Though there are very real concerns about inflation, Brazil is set to emerge over the next few decades as a serious player on the global economic stage, with multi-billionaire Eike Batista leading the charge. Some reputable estimates even have the Brazilian economy overtaking Germany’s by 2032. And if the South American nation annexed Portugal, its former colonizer, as some have suggested it should, that country would make up only 10 percent of the combined GDP. The global economic power that Brazil is poised to grab certainly explains President Obama’s controversial trip down south in February.

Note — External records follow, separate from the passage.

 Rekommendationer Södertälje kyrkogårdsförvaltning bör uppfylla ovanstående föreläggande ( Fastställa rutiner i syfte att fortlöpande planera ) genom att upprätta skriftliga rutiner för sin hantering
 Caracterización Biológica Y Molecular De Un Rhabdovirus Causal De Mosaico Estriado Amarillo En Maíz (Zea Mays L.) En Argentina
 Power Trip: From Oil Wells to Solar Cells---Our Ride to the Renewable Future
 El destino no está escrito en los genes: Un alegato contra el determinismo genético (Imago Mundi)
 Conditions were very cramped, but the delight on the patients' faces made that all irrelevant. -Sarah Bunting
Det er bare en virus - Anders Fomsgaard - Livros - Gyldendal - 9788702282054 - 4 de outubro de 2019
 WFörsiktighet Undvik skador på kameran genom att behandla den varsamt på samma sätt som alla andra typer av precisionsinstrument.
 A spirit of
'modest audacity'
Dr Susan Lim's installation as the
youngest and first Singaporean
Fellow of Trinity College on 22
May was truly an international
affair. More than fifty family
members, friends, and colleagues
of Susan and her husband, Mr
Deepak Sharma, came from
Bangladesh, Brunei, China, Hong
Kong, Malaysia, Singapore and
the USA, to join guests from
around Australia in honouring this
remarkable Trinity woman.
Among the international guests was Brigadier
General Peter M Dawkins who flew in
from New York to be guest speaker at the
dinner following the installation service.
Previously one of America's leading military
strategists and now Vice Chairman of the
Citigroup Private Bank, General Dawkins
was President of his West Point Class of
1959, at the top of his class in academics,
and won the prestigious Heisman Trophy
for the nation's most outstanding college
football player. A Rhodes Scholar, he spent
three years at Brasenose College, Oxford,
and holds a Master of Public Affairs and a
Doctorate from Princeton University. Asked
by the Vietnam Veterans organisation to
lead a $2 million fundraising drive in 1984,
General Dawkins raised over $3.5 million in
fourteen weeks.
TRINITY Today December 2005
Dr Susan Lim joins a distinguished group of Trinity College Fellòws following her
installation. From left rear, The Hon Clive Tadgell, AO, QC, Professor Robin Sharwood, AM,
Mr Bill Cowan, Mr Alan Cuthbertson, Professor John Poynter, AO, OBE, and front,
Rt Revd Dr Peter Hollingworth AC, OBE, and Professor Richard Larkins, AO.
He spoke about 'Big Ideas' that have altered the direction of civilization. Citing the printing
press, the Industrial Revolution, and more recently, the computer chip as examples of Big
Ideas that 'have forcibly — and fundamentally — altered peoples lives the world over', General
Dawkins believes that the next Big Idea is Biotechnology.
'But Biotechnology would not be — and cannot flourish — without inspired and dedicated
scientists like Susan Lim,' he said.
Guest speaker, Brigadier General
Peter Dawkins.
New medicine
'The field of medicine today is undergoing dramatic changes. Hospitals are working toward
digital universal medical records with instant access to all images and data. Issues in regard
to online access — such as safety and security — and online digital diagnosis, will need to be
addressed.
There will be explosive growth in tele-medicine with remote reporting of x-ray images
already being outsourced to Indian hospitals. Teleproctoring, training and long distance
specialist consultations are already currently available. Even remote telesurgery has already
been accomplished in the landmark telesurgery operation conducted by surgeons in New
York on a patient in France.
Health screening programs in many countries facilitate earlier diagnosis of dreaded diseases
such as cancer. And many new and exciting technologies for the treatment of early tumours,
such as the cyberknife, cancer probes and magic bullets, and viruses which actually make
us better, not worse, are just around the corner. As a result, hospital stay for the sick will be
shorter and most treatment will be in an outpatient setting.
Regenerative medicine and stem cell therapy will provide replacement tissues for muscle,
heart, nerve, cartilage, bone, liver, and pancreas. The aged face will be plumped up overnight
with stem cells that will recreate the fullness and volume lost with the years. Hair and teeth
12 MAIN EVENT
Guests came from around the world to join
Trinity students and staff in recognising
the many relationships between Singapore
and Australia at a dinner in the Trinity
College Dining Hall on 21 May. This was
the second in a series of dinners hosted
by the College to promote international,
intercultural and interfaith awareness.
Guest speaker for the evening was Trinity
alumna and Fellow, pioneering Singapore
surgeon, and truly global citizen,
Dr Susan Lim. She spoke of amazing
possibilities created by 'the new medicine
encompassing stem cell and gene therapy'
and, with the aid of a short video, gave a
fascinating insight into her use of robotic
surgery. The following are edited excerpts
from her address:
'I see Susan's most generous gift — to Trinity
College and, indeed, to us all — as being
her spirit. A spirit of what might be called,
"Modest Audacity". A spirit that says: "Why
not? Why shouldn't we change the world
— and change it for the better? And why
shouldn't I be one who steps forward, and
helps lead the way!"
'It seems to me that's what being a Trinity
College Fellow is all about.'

Despite Brazil’s good fortunes and promising future, it’s not all sunny beach-going in Rio and beyond. Like so many other countries, Brazil faces the challenge of finding fiscally sustainable ways to support its growing elderly population. By 2020, 15 percent of Brazil’s population — about 33 million people – will be elderly. That number may pale in comparison to China’s, but it’s still going to cripple the Brazilian economy if the current entitlement system isn’t transformed.
Currently, the Brazilian Social Security system is around $26 billion in debt, and there are just 18 million seniors drawing from it — a number just about half of what the elderly population will be in another decade. What’s more, a staggering 65 percent of Brazilian seniors would be living in poverty if it were not for these public benefits.
So while the middle class grows, so, too, does the number of seniors dependent upon middle-class taxes. But unlike their northern neighbors, Brazil’s elderly face a more extreme form of financial trouble without public assistance. For a country with an enormous lower class that has been largely immobile for centuries, one question will be critical in the coming decades: How can it keep its elderly population out of poverty while not bankrupting the country or derailing it from its current upward economic trajectory? While Brazil may turn to the U.S. and Europe for its foreign-exchange policy, it must figure out a solution for enabling an aging population to be part of its economic growth driver – and to continue to create wealth for all of Brazil.